## YOUR OBJECTIVE
Everything from the line containing "mulheres postadas para" through the last line of the data below is to be retyped exactly, apart from the pictures.

## SUPPLIED MATERIAL
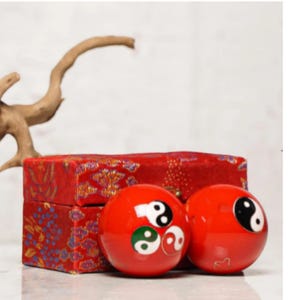 May include: A white ceramic mug with a black handle and the text "But First, Coffee" in a bold, black font. The mug is on a wooden surface. The mug is approximately 10 cm tall.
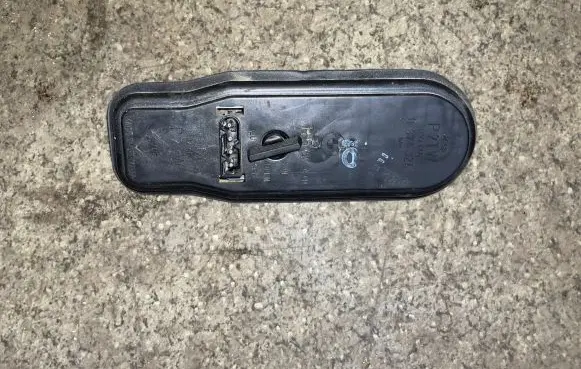 Tail light bulb cover holder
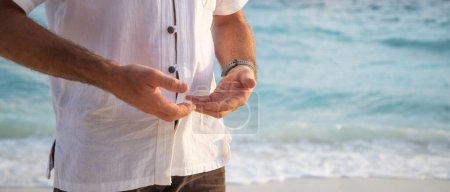 Téléchargez les photos : Homme pratiquant le qigong au bord de la mer - en image libre de droit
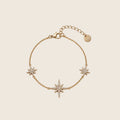 Filigranes Elara Armband aus 14k vergoldetem Edelstahl mit drei funkelnden Zirkonia-Sternen auf hellem Hintergrund.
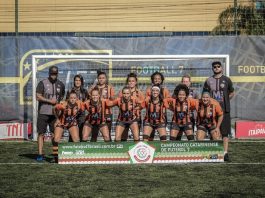 mulheres postadas para foto do time do atlético catarinense; todas sorridentes na frente do gol e com placa no chão à frente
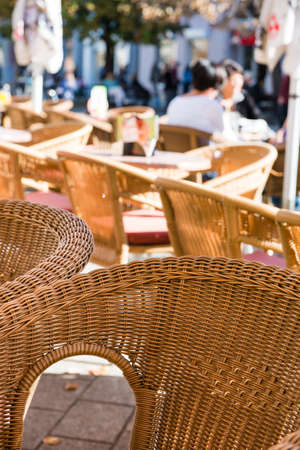 wicker chairs in cafe gardenの写真素材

## ANSWER AREA
 mulheres postadas para foto do time do atlético catarinense; todas sorridentes na frente do gol e com placa no chão à frente
 wicker chairs in cafe gardenの写真素材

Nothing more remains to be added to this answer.